PROBLEM TO WORK ON: Starting at the top of the records below, write out each line exactly as it stands, stopping after the line with "League in 2019"; exclude the pictures.

[Dataset records]
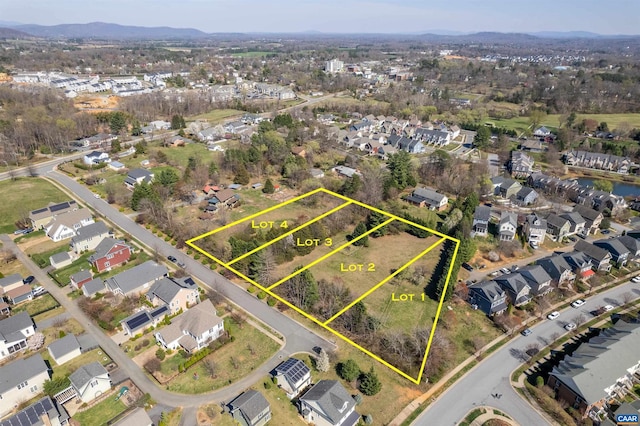 3 Rothwell Ln Lot 3, Crozet, VA 22932 - aerial perspective of suburban area with property parcel outlined and a mountainous background
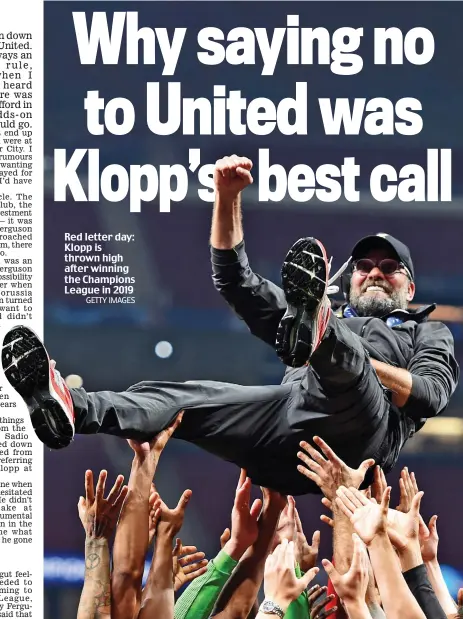  ?? GETTY IMAGES ?? Red letter day: Klopp is thrown high after winning the Champions League in 2019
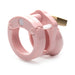 Compact pink male chastity cage with locking mechanism and vented design for comfort and hygiene.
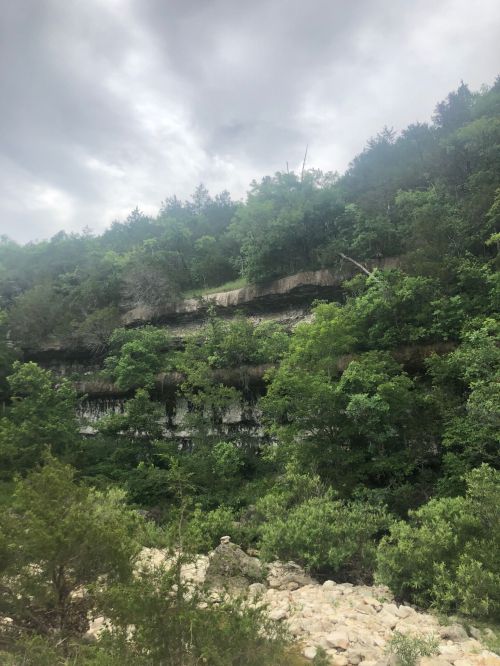 Lush green hillside with rocky layers under a cloudy sky, featuring trees and shrubs along a riverbed.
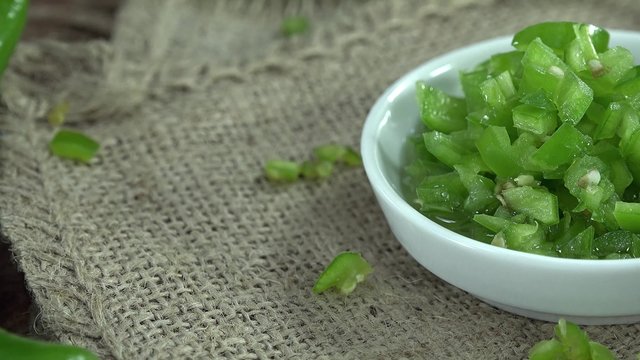 Green Chili chopped on wooden background (seamless loopable 4K footage)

TASK ANSWER:
 3 Rothwell Ln Lot 3, Crozet, VA 22932 - aerial perspective of suburban area with property parcel outlined and a mountainous background
  ?? GETTY IMAGES ?? Red letter day: Klopp is thrown high after winning the Champions League in 2019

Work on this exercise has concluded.